Beautiful! I have the TOL cover in Saddle! I hope you love it as much as I love mine! Please post pics!


----------



## martiegras (Apr 22, 2010)

Thank you all!
I will post pictures when they arrive....I thought waiting for my Kindle was hard...LOL

Martie


----------



## intinst (Dec 23, 2008)

that should be a stunning Kombo!


----------



## B-Kay 1325 (Dec 29, 2008)

I have a wine oberon cover and the color is beautiful.  I think your combo will be stunning.


----------



## martiegras (Apr 22, 2010)

You do!  Cool, I almost chose the sable color since it looks so elegant and like a book, but I decided that I love a bit of color.   
I truly can't wait....

Oh thanks for the compliment.....


----------



## cheerio (May 16, 2009)

great colors


----------



## ayuryogini (Jan 3, 2010)

Beautiful combo; I'm sure you will love it, and the cover is so versatile, it will go with a lot of different skins when you decide to change, though i'm sure you'll get a lot of enjoyment out of this combo first.
Thanks for sharing.


----------



## martiegras (Apr 22, 2010)

*My Skin came yesterday, well actually Saturday but we didn't check the mail...It's so pretty and my Oberon is due to arrived tomorrow (Tuesday 27th) I can't wait and when it does I will post pictures....*


----------



## martiegras (Apr 22, 2010)

Wohoo my Cover is here!  Wohoo...taking pictures and uploading as I type this.


----------



## skyblue (Dec 23, 2009)

martiegras said:


> Wohoo my Cover is here! Wohoo...taking pictures and uploading as I type this.
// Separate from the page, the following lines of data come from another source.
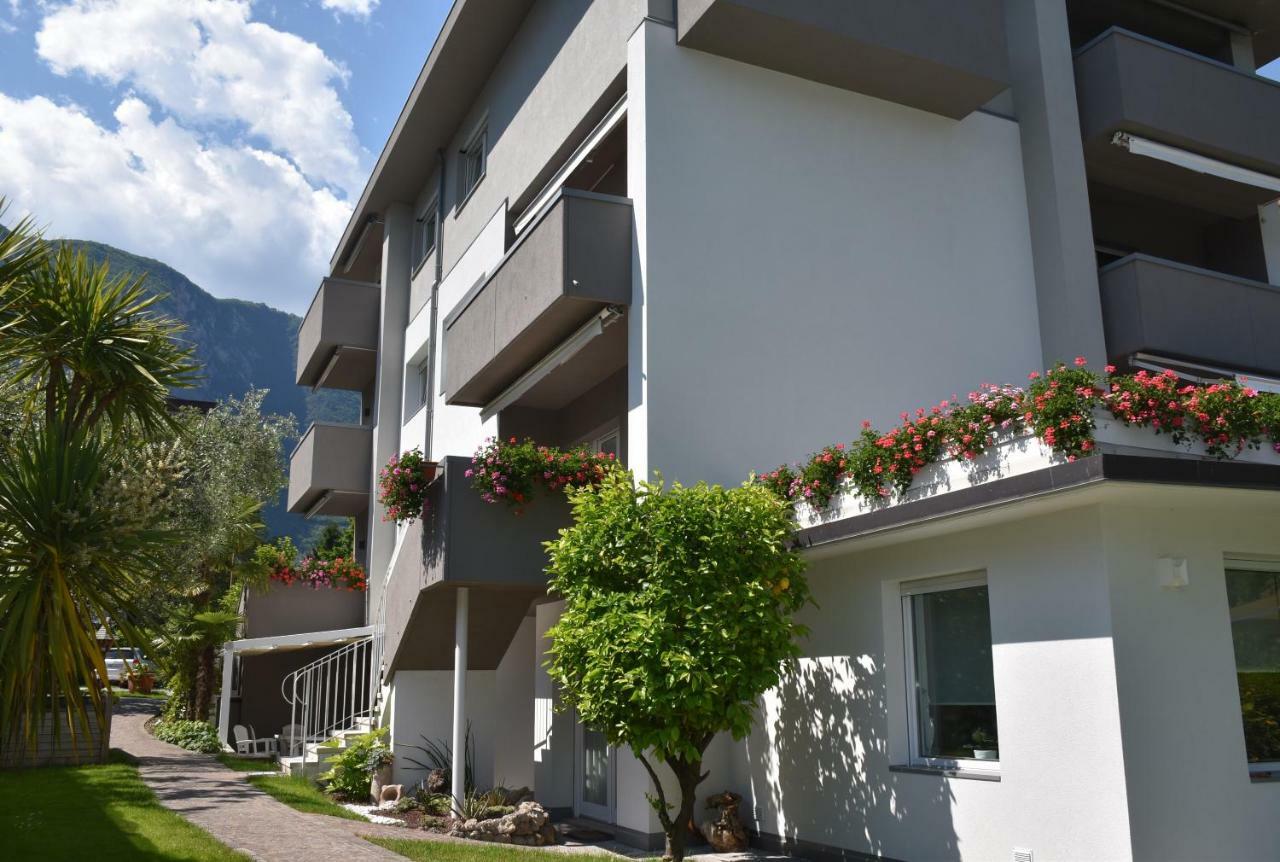 Villa Dina Riva del Garda Exterior foto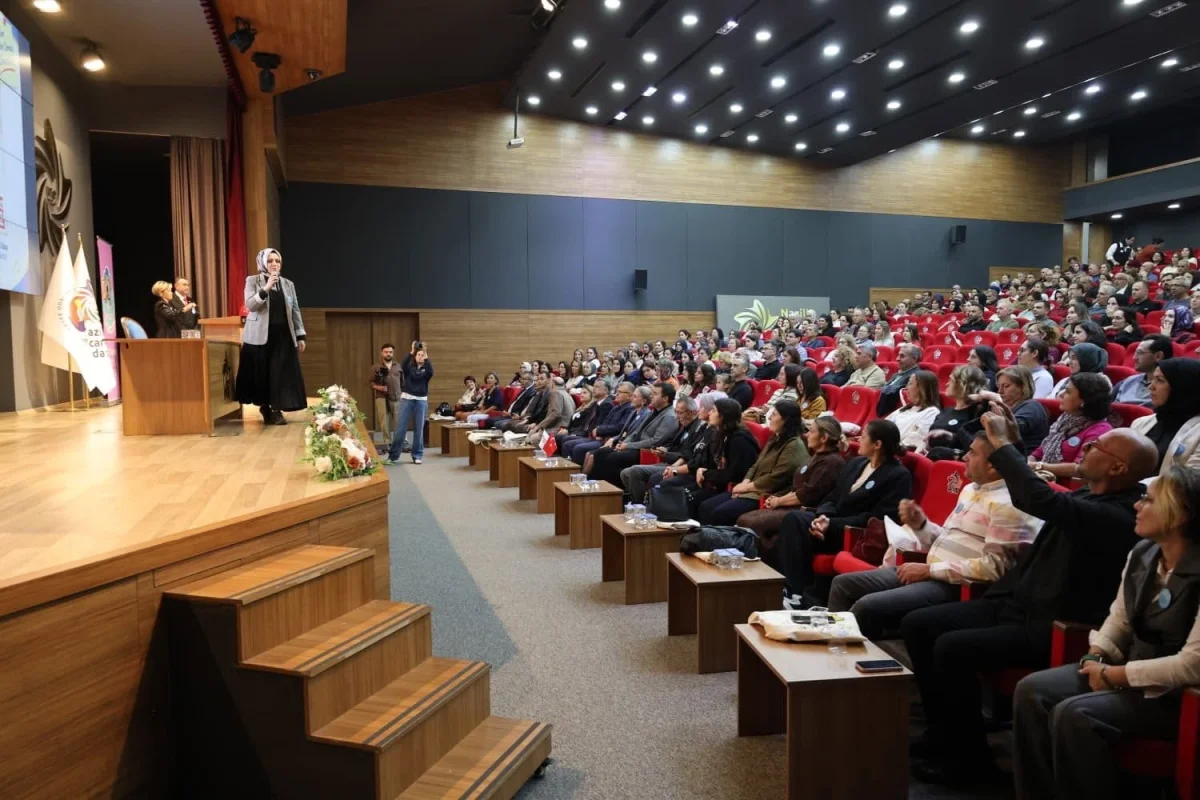 Nazilli'de 6 bin 400 öğrencinin ardından öğretmenler de akran zorbalığına karşı eğitildi 4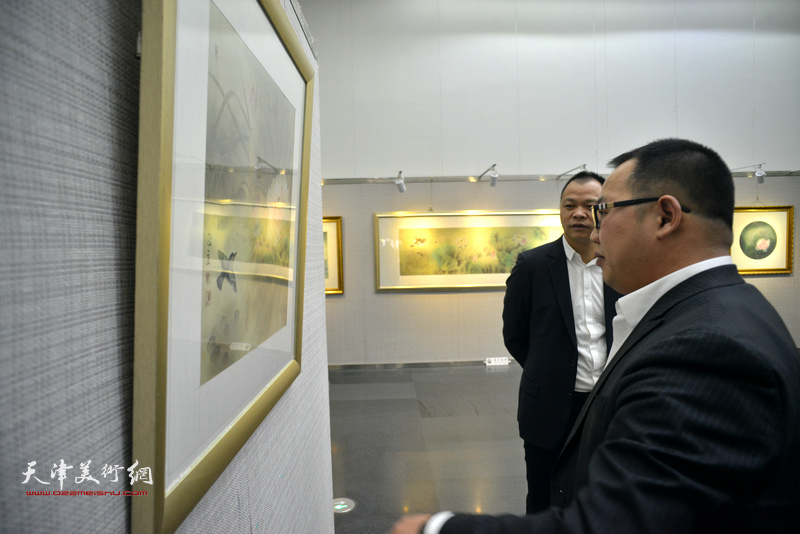 “盛世荷风—顾正主国画展”1月15日在天津图书馆艺术展厅开幕。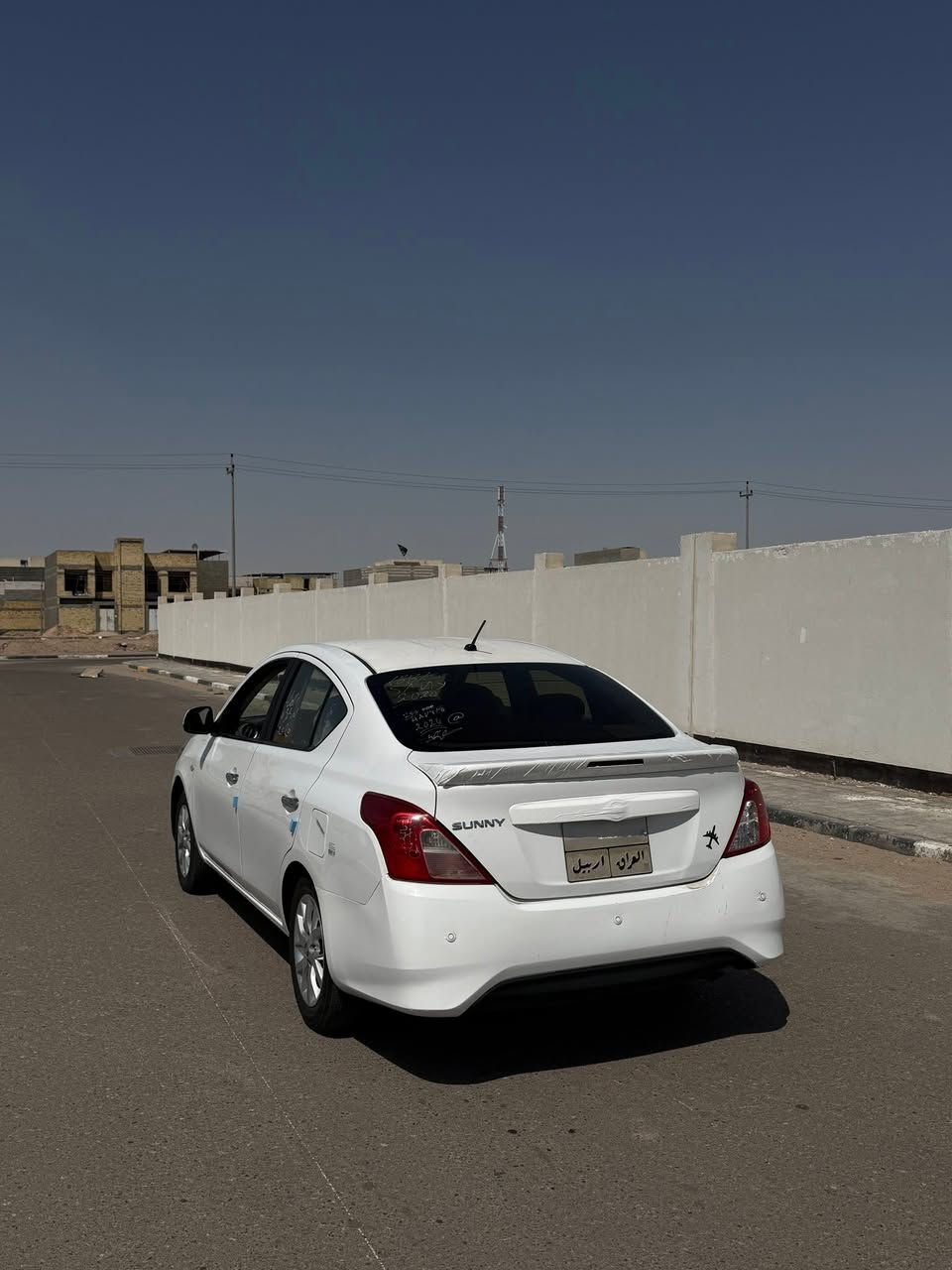 نيسان سني 2020 هندي بليته زركه فول مواصفات مكفوله من الضربه بيه مدكر الأمامي صبغ اثر شخط وصبغته بدون دواخل وحالوب خفيف ولباقي كفاله 
أربع جام كهربائي تبريد قطعتين تحكم ستيرن ويل كب
ماشيه 70 مكينه وكير وتبريد وحداديه كله كفاله 
بأسم شركه سعر 92 
الاستفسار على رقم ***********
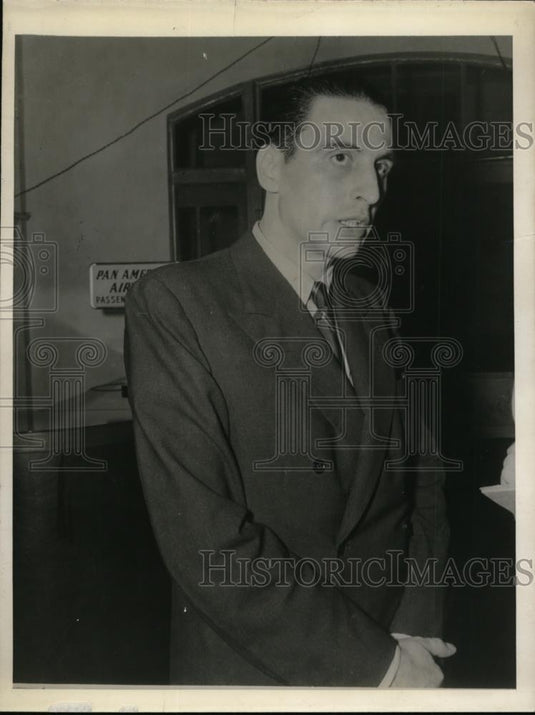 1942 Press Photo Raul Morales Beltrani Chilean Minister of Interior in Miami - Historic Images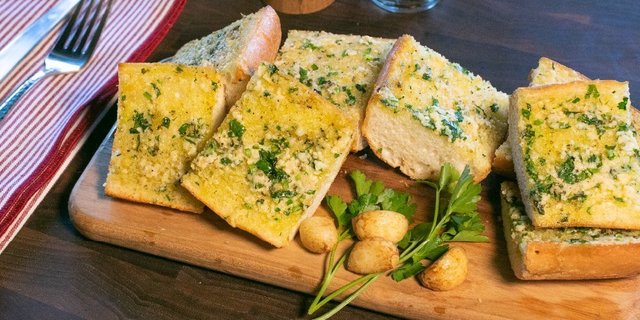 Half Tray Garlic Bread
I bet it's beyond stunning! Can't wait to see it!


----------



## martiegras (Apr 22, 2010)

Here they are! I uploaded them to photobucket and you can click on each image to view full size. I am so so so happy!!!!  The picture is just a bit darker than the original but pretty true to the color. 

Martie
(((Who is doing the happy dance)))


----------



## intinst (Dec 23, 2008)

Just as I said it would be, a stunning kombo


----------



## cheerio (May 16, 2009)

martiegras said:


> *Because of you guys, I ordered my first Oberon and Skin from Decal girl
> It was so hard to choose but I finally got Tree of Life Kindle 2 Cover in Wine and La Travola Skin. I hope they work well together.
> My husband didn't get me a cover and now I am glad he didn't. LOL So for now my Kindle, who is two days old, is naked. LOL I hope I get them soon.
> Here are some pics.
> *


very nice


----------



## Vet (Apr 25, 2010)

I just viewed your pics. Simply beautiful!


----------



## Cardinal (Feb 24, 2010)

Great combo - thanks for posting the pictures!


----------